- [Exercise brief]:
Only the lines from the one containing "Pink Love Hand Neon Sign" through the end of the material should be printed, exactly as they appear. Leave out pictures.

- [Source data]:
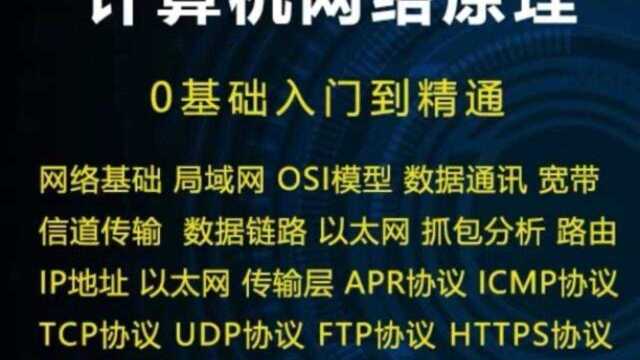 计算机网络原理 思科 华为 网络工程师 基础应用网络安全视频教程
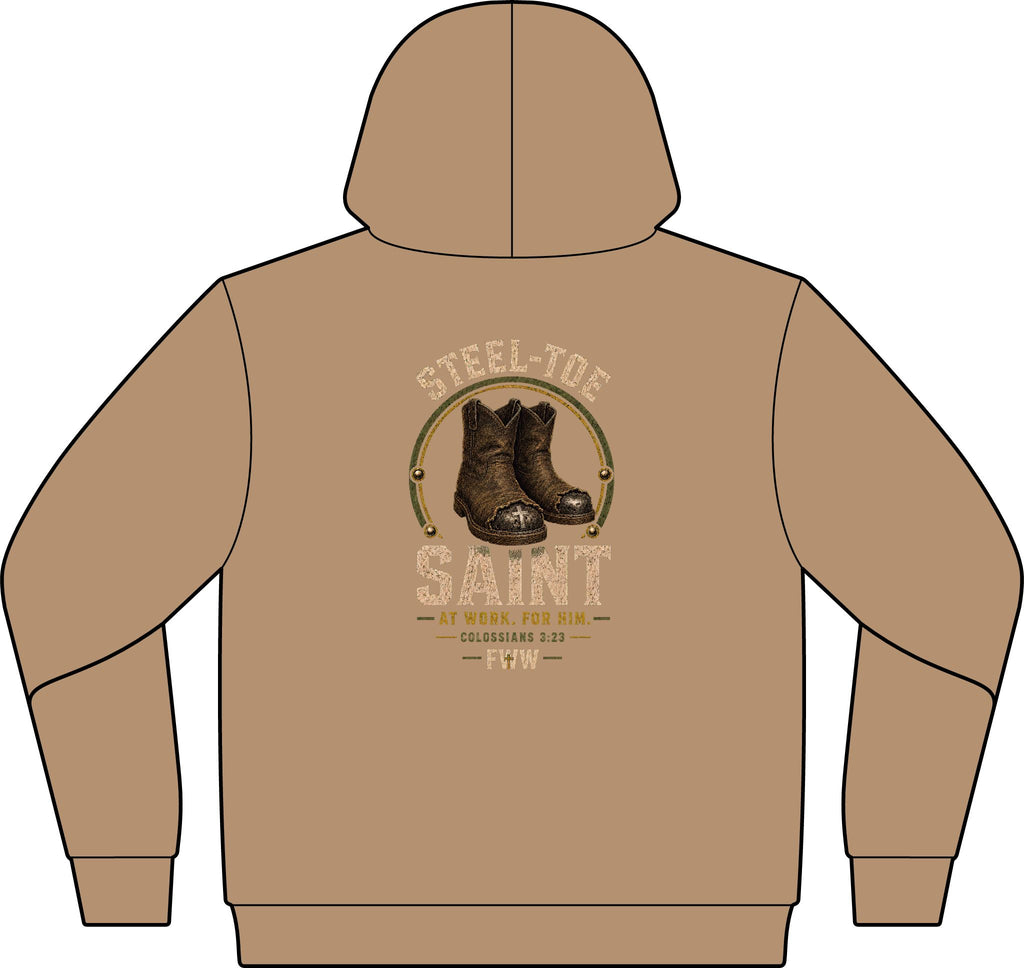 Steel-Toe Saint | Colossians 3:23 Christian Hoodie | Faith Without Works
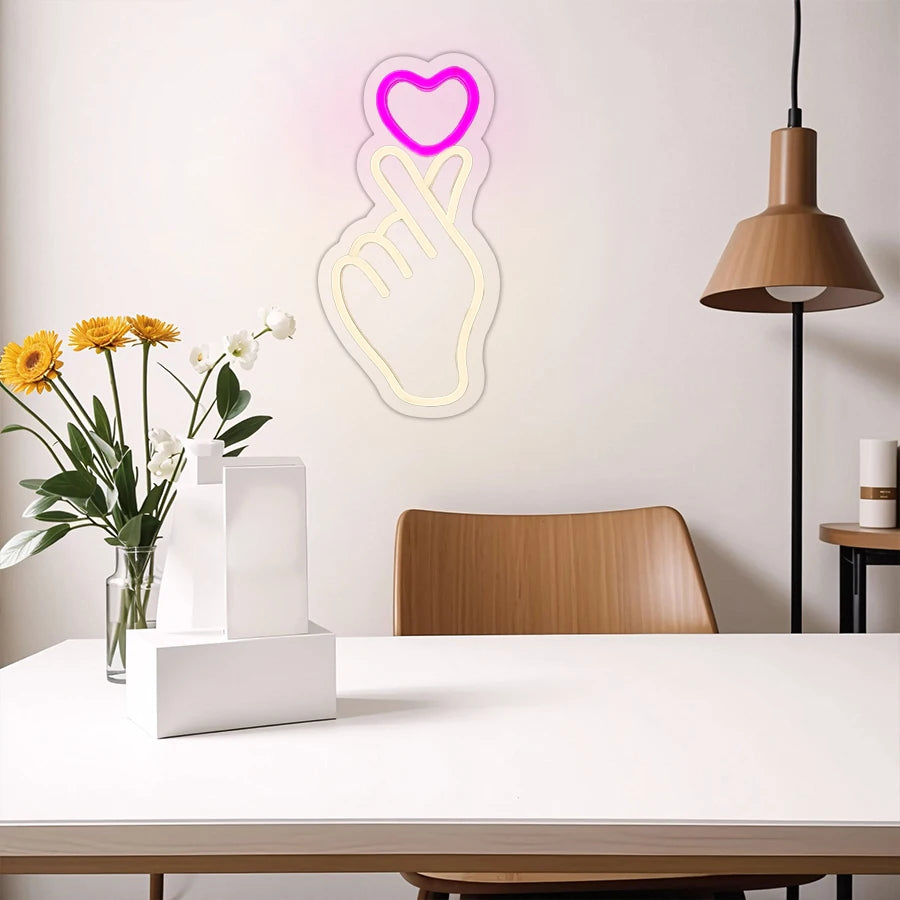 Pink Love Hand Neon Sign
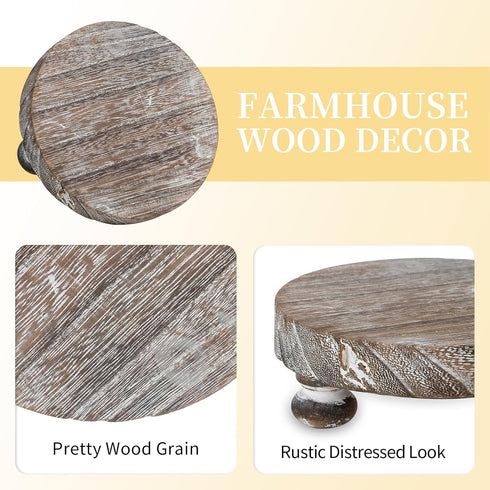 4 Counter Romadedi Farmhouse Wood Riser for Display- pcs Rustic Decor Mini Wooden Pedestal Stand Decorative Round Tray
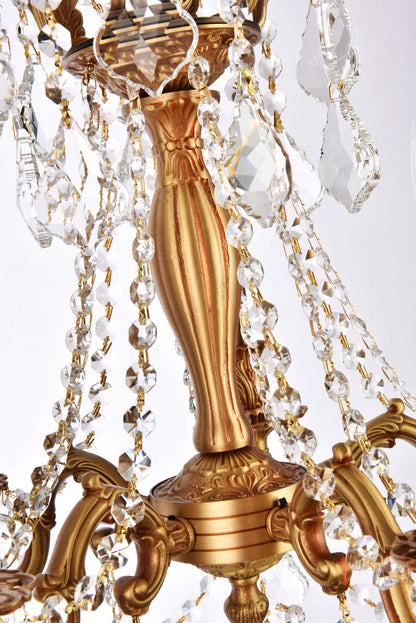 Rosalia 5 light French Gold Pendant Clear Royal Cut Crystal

- [Expected answer]:
 Pink Love Hand Neon Sign
 4 Counter Romadedi Farmhouse Wood Riser for Display- pcs Rustic Decor Mini Wooden Pedestal Stand Decorative Round Tray
 Rosalia 5 light French Gold Pendant Clear Royal Cut Crystal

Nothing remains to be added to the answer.